Disgruntled Afghan soldiers dish out five-dollar dinner plates of fried rice and potatoes to US Marines at a camp on the frontline against the Taliban in southern Afghanistan.
This culinary sideline, which supplements the US forces' spartan rations, helps the Afghans save enough cash to bribe their commander to give them time off to see their families, the men say. Some never return.
Speaking in secret afterwards, the Afghan troops told AFP that because they are ethnic minorities in the country's Pashtun-heavy army, bribery is the only way they can make sure their Pashtun commander gives them a break.
"The commander tells us, 'search your pockets'. If somebody gives him money, he can take vacation. I don't have any money so I can't go," said one soldier, a 20-year-old ethnic Hazara man.
"As a non-Pashtun, I'm cheap. I'm not as valuable to them (the army) as a Pashtun soldier," added a Tajik, who like others requested anonymity for fear of retribution.
The situation is sapping morale among young recruits at a small base in the Musa Qala district of volatile Helmand province, a highly dangerous area and one of Afghanistan's main Taliban flashpoints.
This is just one of the issues dogging Afghanistan's 150,000-member national army, whose strength is key to the plan for international troops gradually to withdraw and hand responsibility for security to Afghan forces by 2014.
A report from respected NGO International Crisis Group in May said today's Afghan army was "incapable of fighting the insurgency on its own", highlighting ethnic factionalism, illiteracy, drug addiction and desertion.
Its research found that Pashtuns and Tajiks -- thought to make up 42 and 27 percent of all Afghans respectively -- dominate the officer ranks, while Hazaras, Uzbeks and other groups remain under-represented at that level.
General Mohammad Zaher Azimi of the Ministry of Defence said that the Afghan National Army (ANA) was ethnically balanced and that it would not stand for any discrimination in the ranks.
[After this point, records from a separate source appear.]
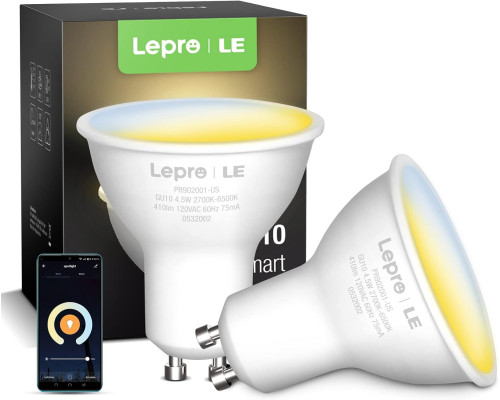 Світлодіодні лампочки Lepro Alexa GU10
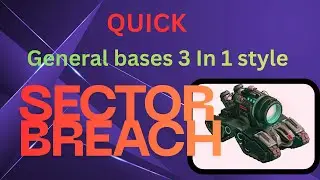War Commander Sector Breach General Bases Mutli Attack Quick Farming Free Repair #games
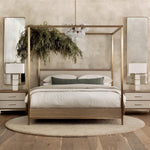 Mandoza Bubble Glass Round Chandelier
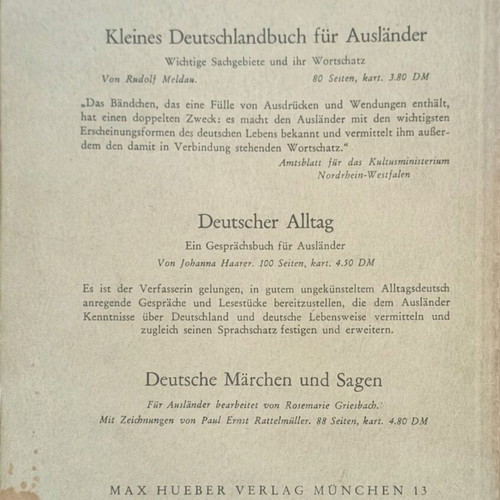 Glossary of German, French and Greek Terms used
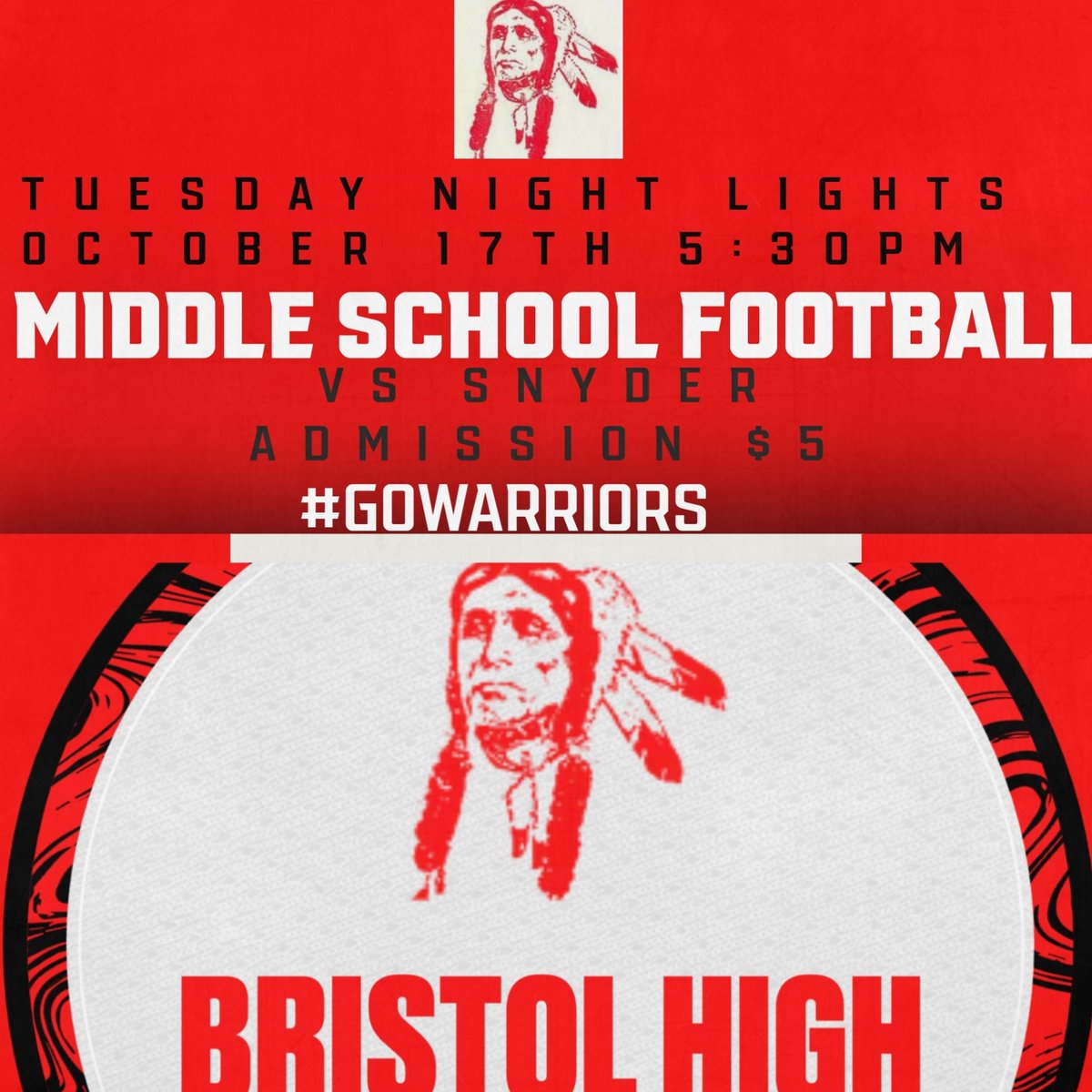 bristolwarriorsathletics tweet media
"We are not aware of any mistreatment of soldiers from one ethnic group by officers from another ethnic group, or officers taking bribes to give soldiers leave," he told AFP.
"But we will investigate these reports and if we find out they are true, we will take proper measures to solve them. We will not tolerate any kind of discrimination in the national army."
Feelings of alienation do not help fire up the young recruits for their job, which many admit they find frightening and only stick with for the relatively decent wage of 280 US dollars per month.
Dangers lurk both on and off the battlefield -- Taliban attacks on army targets in Afghanistan's towns and cities are frequent, with nine troops killed in one day last month in Kabul and Kunduz.
"I'm scared, who cannot be scared of a Taliban attack? If the foreigners leave, we don't have anything," said the young Tajik soldier, who has another three years to serve before he can leave the army.
"Most of us are scared because we just come to get money. We're scared to get in front of the bullet," added the Hazara soldier.
"A lot of soldiers take vacation and never come back. Without the Marines' help we cannot look after Musa Qala. And because of the national ethnic problems, I think the army will remain weak."
US Marine commanders say they are pleased with the progress of the soldiers they are training through daily lessons and joint patrols.
When the troops leave their base, the Marines lead the way while Afghan soldiers conduct searches of people and compounds.
But when the international forces do battle with the Taliban, Afghan soldiers take a back seat. On one patrol, an Uzbek soldier summed up the despair felt by many of his brothers in arms.
"Non-Pashtun people have no value here. What can I do?" he said. "How can our country be built if things go on like this?"